Are you eager to get your ​little one ​potty ​​​​​trained?

Thinking about how much easier (and economical!) life will be with no more diaper duty can turn even the ​most laid-back parent into an obsessive, aggressive potty-training drill sergeant. And that stinks.

Potty training should be a positive, rewarding experience for you and your toddler, so don't let unrealistic expectations (starting too soon/pushing too fast/insisting on immediate success) clog up the process.

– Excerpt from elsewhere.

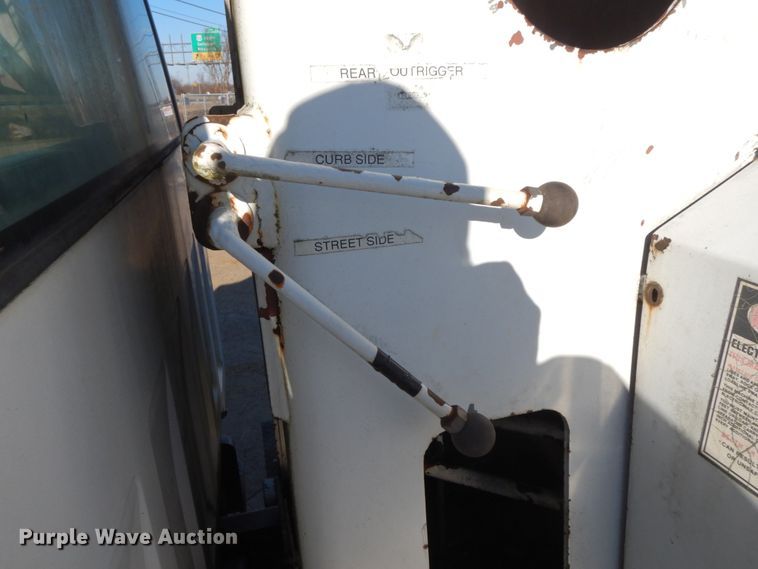 image for item HP9083 1994 GMC TopKick  crane truck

You can help ensure everything flows smoothly by first taking a moment to determine if your child is even ready for potty training. To measure your child's "readiness," look at these behavioral skills and developmental markers:

  • Age
    In our experience, most children become successfully potty trained between the ages of 2 and 3. There are some children who are able to learn earlier due to their physical and cognitive maturity but, in general, most aren't ready until they've blown out at least two candles on their birthday cake. Other indicators include having good motor skills, being able to walk from room to room, being able to pull pants up and down, and getting to the bathroom independently. Also, girls tend to be successfully trained earlier than boys, and older children tend to be trained faster.
  • Bladder Control
    Your child should already be staying dry for several hours at a time, urinating about four to six times a day, and completely emptying her bladder. If she is still wetting a small amount frequently (seven to ten times a day), it may be best to wait.
  • Language skills
    It's important for your child to understand what you say. He should know what you mean when you use words like "wet," "dry," "pants" and "bathroom." Also, he should be able to express his wants and needs to you.
  • Instructional readiness:
    Your child should be able to understand and follow simple instructions, such as "Come here, please" and "Sit down." Just as important, she should be cooperative when following these requests. If she resists or throws frequent temper tantrums, you may want to hold off.
  • Bladder and bowel awareness:
    Your child may indicate that he's aware of his need to potty. This awareness can often ​be communicated through actions rather than words - making a face, assuming a special posture like squatting, or going to a certain location in the house when feeling the urge to go. Such self-awareness can be a positive signal your child is ready for training.

Teaching Activity

Toddler See, Toddler Do

Another good way to gauge your child's readiness is to monitor her reaction when you model the behavior. Take your child to the bathroom when you go. As you model how to go "number one" and "number two," watch to see if your child pays attention. Does she ask questions that show a basic understanding of what's going on? Can he answer basic questions about going potty? By modeling the behavior, you can see how engaged and prepared your child is to learn. In addition, it's also helpful if dads model for sons and moms model for daughters when possible.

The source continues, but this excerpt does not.